Ma allora perché il vino nero d’Avola avrebbe un aspetto da trentenne nonostante l’origine antica del vitigno da cui si crea? Il motivo è l’enorme ritardo in materia di viticultura e vinificazione che la Sicilia, e quasi tutta l’Italia, presentava fino a trent’anni fa. Fino a cinquant’anni fa i vigneti, soprattutto nel Meridione, erano promiscui. Si coltivavano insieme vari tipi di uva, sia a bacca bianca sia a bacca rossa, e spesso si vinificavano tutti assieme. Il nero d’Avola veniva quindi vinificato assieme ad altri vitigni e non per forza rossi.

Il primo tentativo riuscito di creare un vino importante da nero d’Avola risale al 1973 e portava il nome di Riserva del Conte (oggi Rosso del Conte). Sono gli anni in cui inizierà finalmente a diffondersi l’imbottigliamento anche in Italia e visto che erano pochi i vini destinati a questa pratica, quando la si applicava lo si faceva per vino importanti.

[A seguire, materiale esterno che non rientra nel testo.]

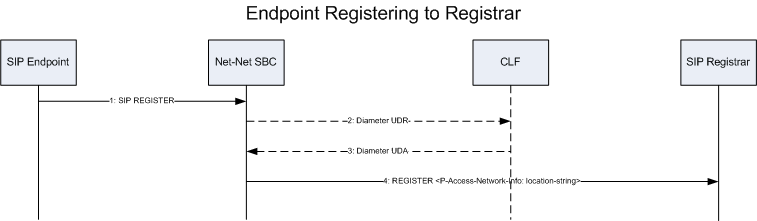 Depicts a call flow with an endpoint registering to a registrar. Depicts a call flow with an endpoint registering to a registrar.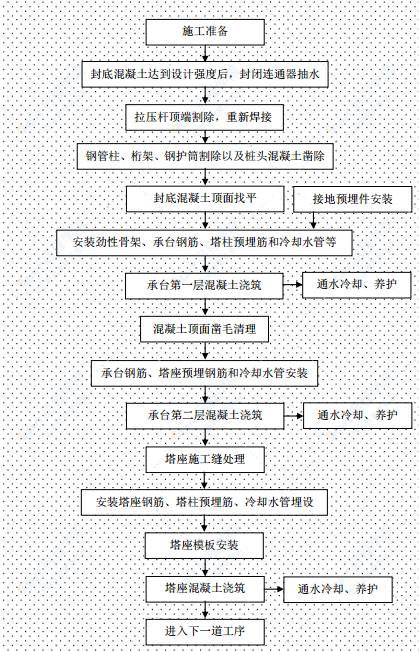 索塔墩承台塔座施工方案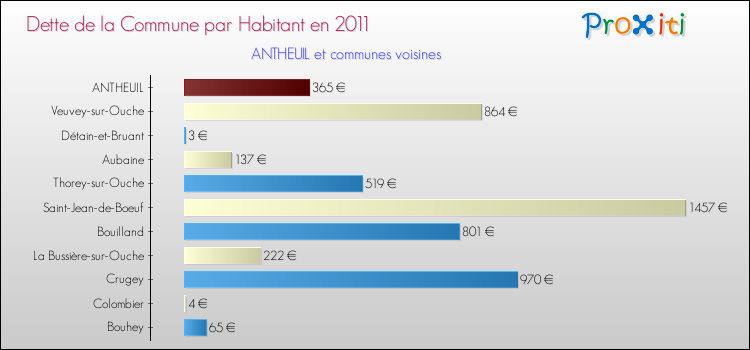 Dette par habitant de la commune en 2011 pour ANTHEUIL et les communes proches Comparaison de la dette par habitant de la commune en 2011 pour ANTHEUIL et les communes voisines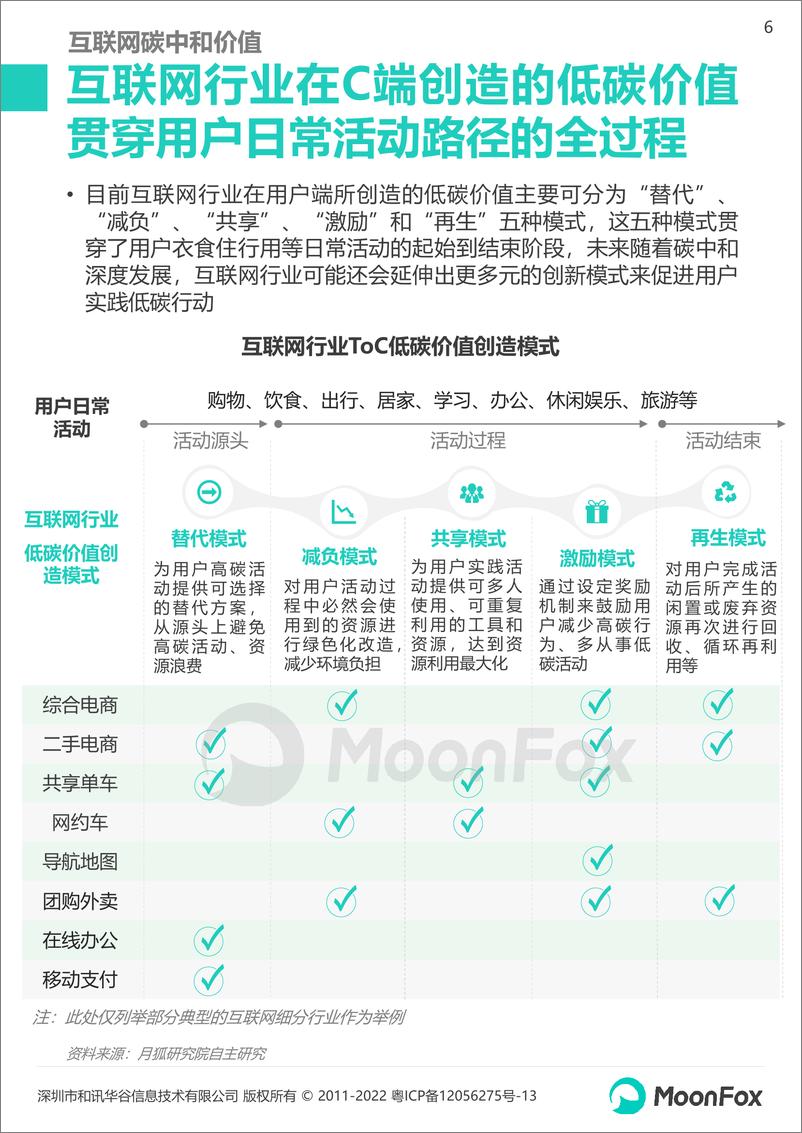 《2022低碳社会洞察报告【终稿】【下篇】-25页》 - 第6页预览图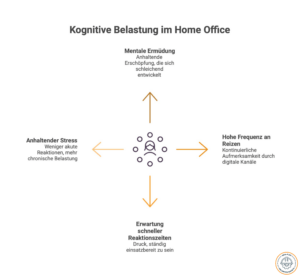 Psychische Belastung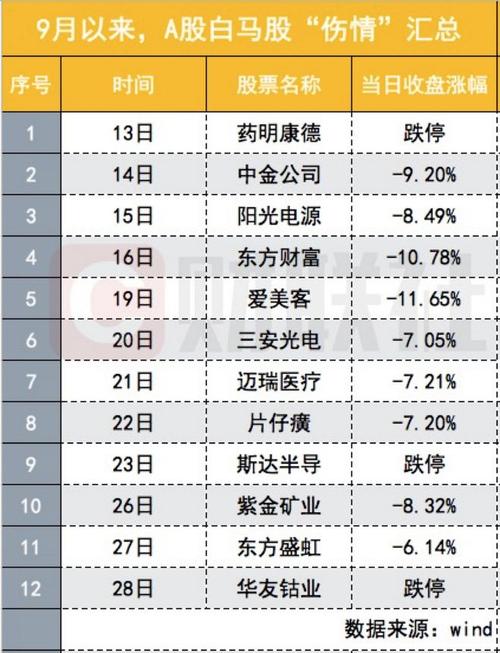 基金重仓股票好吗_基金重仓股票停牌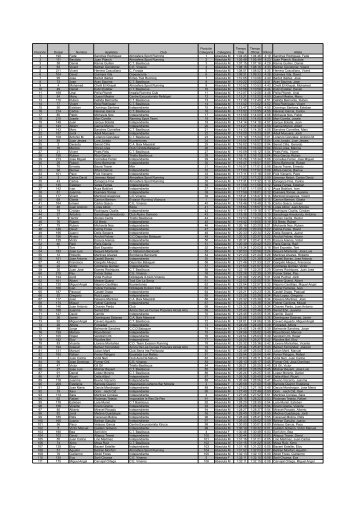 Resultados_105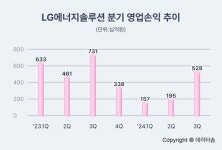 LG엔솔, 3분기 영업이익 4483억원...전분기 대비 회복세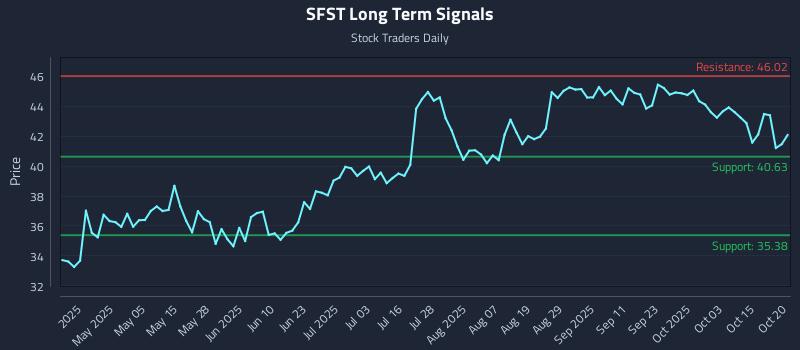 SFST Long Term Analysis for October 20 2025 SFST Long Term Analysis for October 20 2025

Per capire a pieno l’enorme distanza in materia enologica che separava l’Italia dalla Francia, basti pensare che in quest’ultimo paese si iniziò a comprendere l’importanza dell’imbottigliamento ben sigillato nei primi del Seicento. Nel Settecento inoltrato era già diffuso in tutte le zone vitivinicole importanti della Francia. In Italia fu una pratica veramente poco diffusa fino ai primi anni Settanta e comunque riguardava soprattutto il Piemonte e la Toscana. L’unica eccezione in Sicilia era il Marsala. Questa eccezione però la si doveva agli inglesi, che gestivano la produzione del Marsala e avevano già capito l’enorme potenziale d’invecchiamento che potevano reggere i vini con questo tipo di lavorazione. Il Porto, che appartiene alla stessa categoria di vini del Marsala, già veniva imbottigliato nel 1708, proprio perché con un adeguato invecchiamento in bottiglia acquistava in complessità.

Pochissimi erano, quindi, i vini imbottigliati in Sicilia. Ma la Riserva del Conte non era però un nero d’Avola in purezza, bensì dell’uva perricone. Questo taglio, che era tipico in Sicilia, vedrà con gli anni un susseguirsi di assottigliamento della presenze del perricone in questo vino.

Per parlare di un nero d’Avola in purezza bisognerà aspettare l’uscita nel mercato della prima bottiglia di Duca Enrico. Siamo nel 1984 e la cantina Duca di Salaparuta, che ha prodotto questo vino, era già famosa per i suoi vini Corvo Rosso e Corvo Bianco, che erano sempre un misto di vari vitigni autoctoni.

Il Duca Enrico era stato ideato per il mercato estero, in particolare per quello americano. All’origine era un vino da tavola e il nero d’Avola, come vitigno, non era conosciuto allora come oggi, anzi fuori dall’Italia era praticamente sconosciuto. Creò non poca confusione quando apparve sul mercato. Era un vino totalmente diverso dalla stragrande maggioranza dei vini siciliani. Il processo lavorativo era quello da vino importante, con rese basse, passaggio in legno, una chiara ispirazione bordolese e soprattutto una percentuale alcolica meno importante della media dei vini siciliani. Proprio questa filosofia bordolese e la ricerca di un equilibrio nel vino fa supporre che si trattasse di un vino ricavato da qualche vitigno internazionale. La sorpresa fu enorme quando si scoprì che veniva da un vitigno autoctono e che quel vitigno era nient’altro che nero d’Avola. Un vitigno che nell’arco di pochi anni avrebbe raggiunto un successo strepitoso sia in Italia che all’estero.

Da vitigno sconosciuto, destinato al consumo locale o all’arricchimento dei mosti del nord, è diventato assieme al sangiovese, al prosecco (oggi glera) e al nebbiolo, il vitigno italiano più conosciuto all’estero. Capace di dare vini di pronta beva, ma anche vini importanti e da invecchiamento.